CHICAGO (January 24, 2019) – With the number of special purpose acquisition companies (SPACs) on the rise, Donnelley Financial Solutions (NYSE: DFIN), a leading provider of risk and compliance solutions, is helping deal stakeholders navigate that process.
In 2018, 46 SPAC IPOs raised over $10.7 billion, a 350 percent increase since 2016. As the market grows, DFIN aim to simplify the complex SPAC life cycle, making it a seamless process from initial S-1 disclosure to proxy to 8-K to post-transaction filings.
“Through the fast-paced, constantly-changing market of SPACs, DFIN continues to serve as a trusted resource to clients and partners. The number of SPAC IPO transactions and their gross proceeds have exponentially increased recently, and it’s widely expected that this upward trend will continue to increase in 2019,” said Craig Clay, president, Global Capital Markets, DFIN. “We’re here to guide investors in this critical juncture of navigating SPAC challenges.”
DFIN’s technology solutions, ActiveDisclosure℠ and Venue®, provide end-to end solutions for financial reporting and collaboration, virtual data room and secure file sharing and data analytics along with risk, compliance and transaction management expertise. For additional information on SPAC solutions, check out DFIN’s IPO solutions or join DFIN at the upcoming SPAC Conference 2019 on February 7 in New York City.
About Donnelley Financial Solutions (DFIN)
DFIN is a leading global risk and compliance solutions company. We provide domain expertise, enterprise software and data analytics for every stage of our clients’ business and investment life cycles. Markets fluctuate, regulations evolve, technology advances, and through it all, DFIN delivers confidence with the right solutions in moments that matter. Learn about DFIN’s end-to-end risk and compliance solutions online at DFINsolutions.com or you can also follow us on Twitter @DFINSolutions or on LinkedIn.

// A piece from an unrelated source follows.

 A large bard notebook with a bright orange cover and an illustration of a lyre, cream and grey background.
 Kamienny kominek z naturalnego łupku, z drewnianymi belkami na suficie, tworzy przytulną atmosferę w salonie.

This news release may contain “forward-looking statements” within the meaning of Section 21E of the Securities Exchange Act of 1934, as amended, and the U.S. Private Securities Litigation Reform Act of 1995. Readers are cautioned not to place undue reliance on these forward-looking statements and any such forward-looking statements are qualified in their entirety by reference to the following cautionary statements. All forward-looking statements speak only as of the date of this news release and are based on current expectations and involve a number of assumptions, risks and uncertainties that could cause the actual results to differ materially from such forward-looking statements. Readers are strongly encouraged to read the full cautionary statements contained in Donnelley Financial Solutions’ (DFIN) filings with the SEC. Donnelley Financial Solutions (DFIN) disclaims any obligation to update or revise any forward-looking statements.